Objective: To observe the release pattern of the microcysts and the effect of ectopic osteogenesis of combined micromorselized bone by optimized preparation of microcysts.
Methods: Optimized poly-DL-lactide-coglycolide (PLGA) microcysts manufacturing method was performed with the orthogonal design, and the accumulated release amount of microcysts was calculated at 2 h, 4 h, 8 h, 12 h, 24 h, 36 h, 48 h, 60 h, 72 h, 84 h, 96 h, 120 h, 144 h, 168 h, 192 h, 216 h, 240 h and 264 h. Twenty-four Wistar rats were divided into 4 groups (n=6) and 1 cm length incision was cut in their bilateral thighs skin, forming 48 gluteus maximus muscle sack models. In group A, collagen was implanted to bilateral muscle sacks respectively. In group B, collagen and autologous morselized bone were implanted to bilateral muscle sacks. In group C, collagen and rhBMP-2/PLGA delayed release microcysts were implanted to bilateral muscle sacks respectively. In group D, collagen and morselized bone/rhBMP-2/PLGA delayed release microcysts were implanted to bilateral muscle sacks. Gross and histologic observations were made at 3, 4 and 5 weeks postoperatively.

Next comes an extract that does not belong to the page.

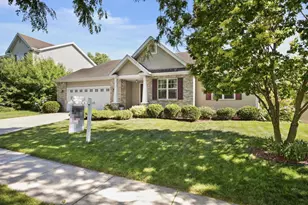 1110 Velvet Leaf Dr, Madison, WI 53719 - Photo 58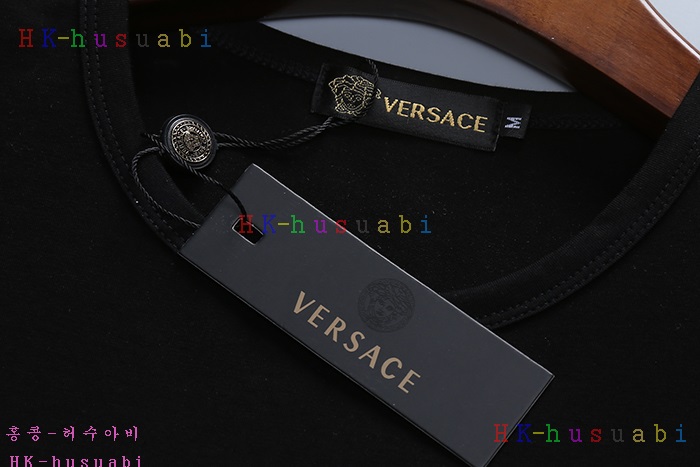 NEW ü  Ƽ V 570015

Results: Every optimized variance had an effect on particle diameter of microcyst and its encapsulating rate. The microcyst's surface was smooth and had a fine spheroplast, which released slowly within 11 days in vitro. In the third week postoperatively, the graft in group A could not be touched, while the graft in all other 3 groups was still found. After 3 weeks, collagen was absorbed completely in group A, the residual collagen could be seen in groups B, C and D. After 4 weeks, collagen could be seen in group A; micromorselized bone continued to be absorbed and became smaller in group B; microsphere became smaller, osteoblasts increased in group C; micromorselized bone and microsphere continued to be absorbed, oteoblasts and chondroblasts increased. After 5 weeks, implants became small, microsphere was absorbed, osteoblasts and chondroblasts became more in groups B, C and D. Microcysts presented with white granulo-shape and were packaged in tissue pieces. Histologic observation showed that the PLGA microcysts in 3 weeks and 4 weeks could be absorbed gradually as the time in vivo, if combining with morselized bone they could produce abundant induced osteoblasts and chondroblasts.

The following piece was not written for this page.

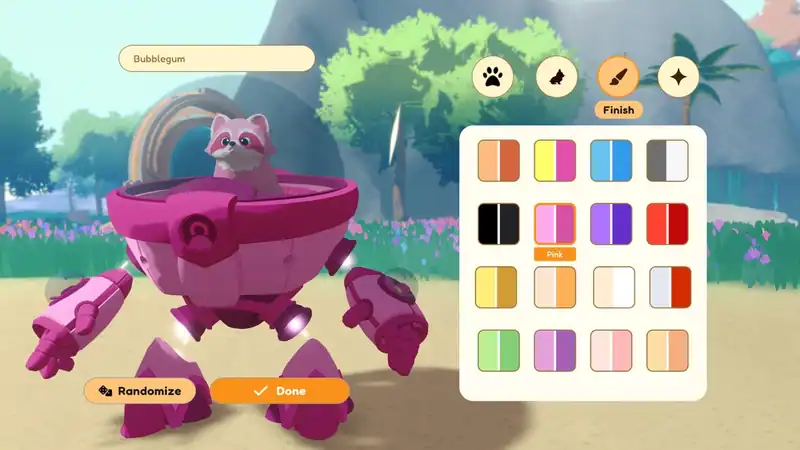 Animalkind — изображение 1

Conclusion: Optimizing the preparation technology of microcysts has delayed their release during a long period in vitro. Autologous micromorselized bone can be ectopicly induced to produce large amount of osteoblasts in gluteus maximus muscle sack, where PLGA microcysts can combine organically and bring about the bone formation with less amount of growth factors.